Há uma diferença fundamental entre um feto em desenvolvimento e um adulto em estado vegetativo. Neste, trata-se da vida em fase terminal, enquanto no feto a vida está num desenvolvimento ordenado em vista do amadurecimento da gestação e do nascimento. Fazer um aborto até a 12.ª semana de gestação não é o mesmo que desligar os aparelhos que mantêm alguém vivo mecanicamente.
De maneira até mais radical, há quem diga que até a 12.ª semana de gestação ainda não se pode falar propriamente de um ser humano, mas de um conjunto de células e funções que, depois, podem se tornar um ser humano. Aqui, entramos na complexa discussão antropológica sobre o início do ser humano.
Deixando de lado considerações acadêmicas, penso que a questão possa ser resolvida de maneira adequada a partir do bom senso e da ciência.
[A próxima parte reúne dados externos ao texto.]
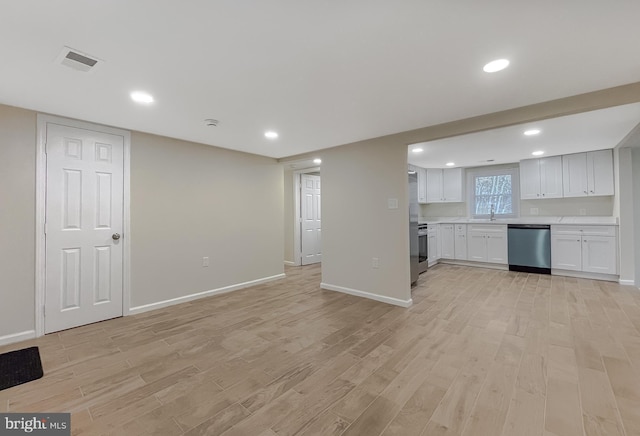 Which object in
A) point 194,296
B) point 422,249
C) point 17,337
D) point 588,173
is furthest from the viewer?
point 422,249

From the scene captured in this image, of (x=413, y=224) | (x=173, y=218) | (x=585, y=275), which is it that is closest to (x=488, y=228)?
(x=585, y=275)

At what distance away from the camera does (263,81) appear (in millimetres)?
2172

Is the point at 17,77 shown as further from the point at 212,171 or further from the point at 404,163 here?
the point at 404,163

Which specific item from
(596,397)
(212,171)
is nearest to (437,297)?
(596,397)

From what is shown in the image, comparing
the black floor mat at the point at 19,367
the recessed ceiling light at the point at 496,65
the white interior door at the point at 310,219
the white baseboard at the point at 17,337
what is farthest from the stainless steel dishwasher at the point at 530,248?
the white baseboard at the point at 17,337

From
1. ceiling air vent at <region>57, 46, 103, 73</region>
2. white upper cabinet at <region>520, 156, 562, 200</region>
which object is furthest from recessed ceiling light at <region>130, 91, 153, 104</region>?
white upper cabinet at <region>520, 156, 562, 200</region>

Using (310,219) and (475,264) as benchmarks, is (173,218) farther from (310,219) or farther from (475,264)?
(475,264)

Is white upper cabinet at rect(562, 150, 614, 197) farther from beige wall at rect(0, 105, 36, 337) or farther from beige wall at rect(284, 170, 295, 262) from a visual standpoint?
beige wall at rect(0, 105, 36, 337)

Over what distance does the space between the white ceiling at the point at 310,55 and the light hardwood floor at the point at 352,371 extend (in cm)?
231

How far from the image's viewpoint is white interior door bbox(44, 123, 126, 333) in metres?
2.89

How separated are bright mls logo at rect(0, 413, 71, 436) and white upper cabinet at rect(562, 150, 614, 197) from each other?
24.2 ft

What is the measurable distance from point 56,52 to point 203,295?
126 inches

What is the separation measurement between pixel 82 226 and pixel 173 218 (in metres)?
0.97

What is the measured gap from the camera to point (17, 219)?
269cm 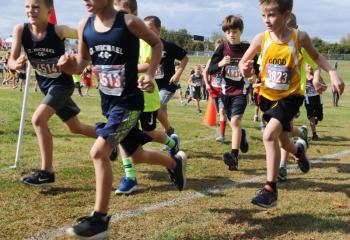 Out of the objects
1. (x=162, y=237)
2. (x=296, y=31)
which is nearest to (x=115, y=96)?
(x=162, y=237)

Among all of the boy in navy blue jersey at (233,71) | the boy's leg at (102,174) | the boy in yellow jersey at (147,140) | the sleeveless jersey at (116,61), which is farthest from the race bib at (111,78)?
the boy in navy blue jersey at (233,71)

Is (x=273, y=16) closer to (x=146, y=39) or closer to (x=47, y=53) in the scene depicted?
(x=146, y=39)

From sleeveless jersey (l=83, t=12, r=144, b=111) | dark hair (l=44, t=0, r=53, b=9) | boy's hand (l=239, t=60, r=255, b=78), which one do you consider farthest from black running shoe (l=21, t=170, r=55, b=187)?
boy's hand (l=239, t=60, r=255, b=78)

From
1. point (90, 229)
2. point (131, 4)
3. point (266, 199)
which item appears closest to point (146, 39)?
point (90, 229)

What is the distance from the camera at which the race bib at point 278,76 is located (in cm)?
483

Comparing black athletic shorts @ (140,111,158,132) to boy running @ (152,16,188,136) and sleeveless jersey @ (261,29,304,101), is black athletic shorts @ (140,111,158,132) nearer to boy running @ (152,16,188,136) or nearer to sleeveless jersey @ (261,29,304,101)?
boy running @ (152,16,188,136)

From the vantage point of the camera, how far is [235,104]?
23.0 feet

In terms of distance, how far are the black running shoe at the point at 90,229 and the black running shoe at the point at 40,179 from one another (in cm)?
168

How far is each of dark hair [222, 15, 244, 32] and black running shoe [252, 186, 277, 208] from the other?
3017 millimetres

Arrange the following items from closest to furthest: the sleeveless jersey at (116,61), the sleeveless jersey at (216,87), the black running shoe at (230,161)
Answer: the sleeveless jersey at (116,61) → the black running shoe at (230,161) → the sleeveless jersey at (216,87)

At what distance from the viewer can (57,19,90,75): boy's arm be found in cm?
391

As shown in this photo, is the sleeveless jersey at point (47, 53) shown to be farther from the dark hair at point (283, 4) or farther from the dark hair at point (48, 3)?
the dark hair at point (283, 4)

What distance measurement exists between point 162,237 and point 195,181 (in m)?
2.03

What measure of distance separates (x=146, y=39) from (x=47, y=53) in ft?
5.55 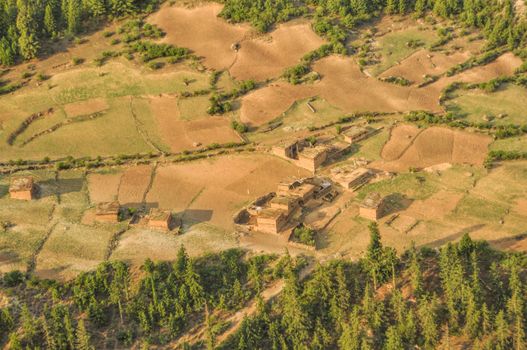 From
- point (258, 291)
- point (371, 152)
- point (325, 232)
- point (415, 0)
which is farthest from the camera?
point (415, 0)

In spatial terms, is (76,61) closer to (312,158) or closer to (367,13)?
(312,158)

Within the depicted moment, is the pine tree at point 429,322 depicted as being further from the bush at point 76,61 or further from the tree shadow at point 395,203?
the bush at point 76,61

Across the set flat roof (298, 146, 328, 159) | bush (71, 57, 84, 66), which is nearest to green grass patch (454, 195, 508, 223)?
flat roof (298, 146, 328, 159)

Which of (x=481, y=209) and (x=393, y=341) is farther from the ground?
(x=393, y=341)

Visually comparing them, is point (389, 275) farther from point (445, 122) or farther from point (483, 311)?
point (445, 122)

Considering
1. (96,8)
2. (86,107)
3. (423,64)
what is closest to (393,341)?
(86,107)

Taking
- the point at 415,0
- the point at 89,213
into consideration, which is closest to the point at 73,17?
the point at 89,213

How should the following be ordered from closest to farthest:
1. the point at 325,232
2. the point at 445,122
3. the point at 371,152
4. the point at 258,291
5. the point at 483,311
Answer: the point at 483,311 → the point at 258,291 → the point at 325,232 → the point at 371,152 → the point at 445,122
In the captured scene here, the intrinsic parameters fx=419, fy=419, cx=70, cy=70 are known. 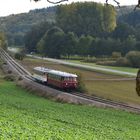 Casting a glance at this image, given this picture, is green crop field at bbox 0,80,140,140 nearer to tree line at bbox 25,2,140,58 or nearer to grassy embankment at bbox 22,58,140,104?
grassy embankment at bbox 22,58,140,104

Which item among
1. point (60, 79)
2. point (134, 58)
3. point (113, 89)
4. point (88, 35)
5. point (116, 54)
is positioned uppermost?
point (88, 35)

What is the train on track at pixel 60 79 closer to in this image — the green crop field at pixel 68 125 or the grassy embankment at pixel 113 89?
the grassy embankment at pixel 113 89

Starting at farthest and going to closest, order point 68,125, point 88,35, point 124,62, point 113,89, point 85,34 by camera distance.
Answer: point 85,34
point 88,35
point 124,62
point 113,89
point 68,125

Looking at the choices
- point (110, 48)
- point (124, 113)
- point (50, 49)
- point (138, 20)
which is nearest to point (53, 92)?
point (124, 113)

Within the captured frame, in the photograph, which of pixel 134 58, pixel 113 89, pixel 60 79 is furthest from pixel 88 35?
pixel 60 79

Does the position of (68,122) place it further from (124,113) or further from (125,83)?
Result: (125,83)

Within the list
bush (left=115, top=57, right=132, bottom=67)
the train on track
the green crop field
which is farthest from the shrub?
the green crop field

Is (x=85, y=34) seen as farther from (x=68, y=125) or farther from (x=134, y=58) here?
(x=68, y=125)

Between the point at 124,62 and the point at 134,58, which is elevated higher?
the point at 134,58

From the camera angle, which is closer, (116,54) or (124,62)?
(124,62)

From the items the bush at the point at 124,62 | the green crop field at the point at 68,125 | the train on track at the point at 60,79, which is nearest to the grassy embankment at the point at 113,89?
the train on track at the point at 60,79

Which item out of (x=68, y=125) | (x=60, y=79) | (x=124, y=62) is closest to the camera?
(x=68, y=125)

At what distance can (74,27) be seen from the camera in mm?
137125

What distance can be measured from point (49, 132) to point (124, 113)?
16016mm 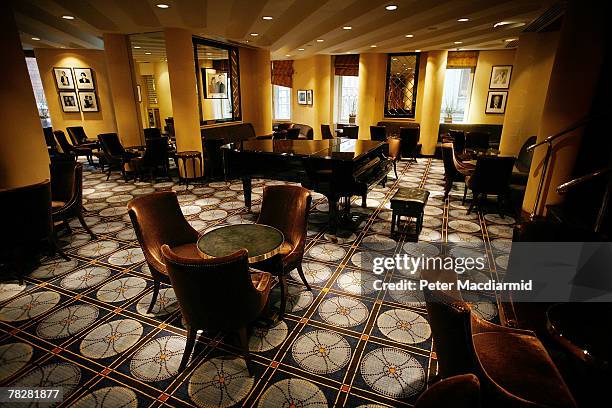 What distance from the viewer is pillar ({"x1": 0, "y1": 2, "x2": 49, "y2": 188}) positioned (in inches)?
137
Por que duvidar de que, quando se unem óvulo e espermatozoide e se inicia a multiplicação celular, já se tem o início de um novo ser humano? Não vale o mesmo quando se trata de outros mamíferos? Não é minimamente razoável pensar que, até certo momento da gestação, haveria no útero da mulher algo indefinido que, só depois, viria a se definir como um ser humano. Eis porque, também desde o primeiro instante da existência de um novo ser humano, este deve ser respeitado, protegido, especialmente quanto ao seu direito de existir e de viver.
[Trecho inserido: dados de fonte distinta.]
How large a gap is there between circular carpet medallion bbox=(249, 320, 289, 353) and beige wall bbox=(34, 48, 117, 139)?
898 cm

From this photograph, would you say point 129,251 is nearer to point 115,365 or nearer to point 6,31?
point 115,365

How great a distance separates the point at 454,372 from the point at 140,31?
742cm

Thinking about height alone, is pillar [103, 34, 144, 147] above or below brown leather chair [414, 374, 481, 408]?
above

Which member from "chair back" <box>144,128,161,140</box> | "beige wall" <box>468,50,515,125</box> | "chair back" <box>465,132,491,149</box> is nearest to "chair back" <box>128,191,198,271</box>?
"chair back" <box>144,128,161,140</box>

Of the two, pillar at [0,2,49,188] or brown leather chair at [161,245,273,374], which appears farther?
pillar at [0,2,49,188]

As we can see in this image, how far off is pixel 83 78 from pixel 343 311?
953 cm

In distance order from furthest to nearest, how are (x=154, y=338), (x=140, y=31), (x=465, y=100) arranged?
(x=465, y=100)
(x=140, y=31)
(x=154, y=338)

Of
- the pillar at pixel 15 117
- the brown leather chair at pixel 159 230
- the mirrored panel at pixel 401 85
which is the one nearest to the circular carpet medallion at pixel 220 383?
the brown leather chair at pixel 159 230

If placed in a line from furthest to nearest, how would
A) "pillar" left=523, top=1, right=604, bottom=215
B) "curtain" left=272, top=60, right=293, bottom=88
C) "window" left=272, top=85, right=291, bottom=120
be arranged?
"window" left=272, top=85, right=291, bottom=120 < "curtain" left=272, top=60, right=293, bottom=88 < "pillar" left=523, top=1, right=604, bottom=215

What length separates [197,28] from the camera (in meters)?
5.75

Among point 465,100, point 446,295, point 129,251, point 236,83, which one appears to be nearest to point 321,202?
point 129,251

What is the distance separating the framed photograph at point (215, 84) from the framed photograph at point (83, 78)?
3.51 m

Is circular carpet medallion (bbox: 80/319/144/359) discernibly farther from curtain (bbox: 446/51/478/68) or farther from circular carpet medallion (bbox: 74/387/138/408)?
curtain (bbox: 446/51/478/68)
O aborto seria um direito e uma livre escolha da mulher, única senhora do seu corpo? Esse argumento não leva em conta que, na gravidez, não há apenas o corpo da mulher, mas também o de um outro, que está abrigado e sendo formado dentro dela. O embrião, feto ou bebê, embora dependa inteiramente do corpo da mãe que o gera, não é parte do corpo dela, como são seus braços ou seu fígado. Portanto, na decisão de abortar, é preciso levar em conta este outro e o primeiro de todos os direitos dele: o de existir e de viver. Sendo este outro ainda frágil e indefeso, ele deve ser tutelado pela mãe e também pela sociedade, por meio de leis do Estado, sem relegar essa decisão ao arbítrio individual de quem quer que seja.
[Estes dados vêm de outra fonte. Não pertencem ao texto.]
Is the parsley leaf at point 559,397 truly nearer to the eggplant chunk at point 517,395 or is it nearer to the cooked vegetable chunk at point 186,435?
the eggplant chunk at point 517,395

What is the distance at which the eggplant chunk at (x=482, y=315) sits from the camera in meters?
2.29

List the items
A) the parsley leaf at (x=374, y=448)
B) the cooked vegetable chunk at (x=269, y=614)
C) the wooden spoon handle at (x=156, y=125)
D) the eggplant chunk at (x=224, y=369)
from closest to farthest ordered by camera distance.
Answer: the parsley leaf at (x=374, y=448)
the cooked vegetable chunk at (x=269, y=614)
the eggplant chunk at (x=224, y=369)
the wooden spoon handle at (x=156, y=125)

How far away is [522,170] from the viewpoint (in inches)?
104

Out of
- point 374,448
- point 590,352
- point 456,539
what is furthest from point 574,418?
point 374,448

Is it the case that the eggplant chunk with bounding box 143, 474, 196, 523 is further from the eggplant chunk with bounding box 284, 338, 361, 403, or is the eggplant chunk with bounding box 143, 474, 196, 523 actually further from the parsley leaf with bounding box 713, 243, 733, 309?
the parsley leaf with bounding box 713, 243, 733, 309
Uma gravidez indesejada dá o direito ao aborto? Muitas gestações iniciam sem terem sido planejadas ou desejadas e a mulher pode enfrentar situações difíceis. No entanto, a gravidez é resultante de um curso da natureza, que pode ser controlado mediante a vontade e a vida regrada. Mas o recurso ao aborto, neste caso, é sobrepor a vontade de alguém adulto sobre o direito à vida de um inocente e indefeso. Não é boa solução resolver um problema criando um outro ainda maior.
A gravidez indesejada pode ser prevenida. Mas a perda da vida de outro ser humano é irreparável. Mesmo não planejado ou desejado no início, o filho é sempre um bem em si mesmo e pode ser acolhido e amado. Além disso, se os bebês indesejados puderem ser eliminados, o que impede, nessa mesma linha de raciocínio, concluir que certas pessoas indesejadas por nós ou pela sociedade também possam ser eliminadas? Alguns regimes autoritários já fizeram isso e merecem a execração geral de quem preza a dignidade da humana condição.
Já existem muitos pobres e famintos pelo mundo e não se deveria fazer nascer ainda mais outros? Sinceramente, seguindo essa lógica, pais pobres não deveriam gerar filhos e pobres não deveriam ter o direito de nascer. Não é preciso argumentar. Aborto é questão de saúde pública? Ora, seria boa política de saúde pública tornar legal a supressão de inocentes e indefesos? Há quem argumente: o aborto já é feito por muitos. Por que não legalizar? Seria bom legalizar o roubo, só porque há muitos ladrões?
O Estado é laico e a questão deve ser tratada sem a interferência da religião? Suponho que o Estado laico se deve pautar por princípios altos de ética e de humanidade. O papa Francisco observou recentemente que o aborto não é, antes de tudo, questão de religião, mas de humanidade. Em todo caso, os religiosos também são cidadãos e têm o direito de se manifestar.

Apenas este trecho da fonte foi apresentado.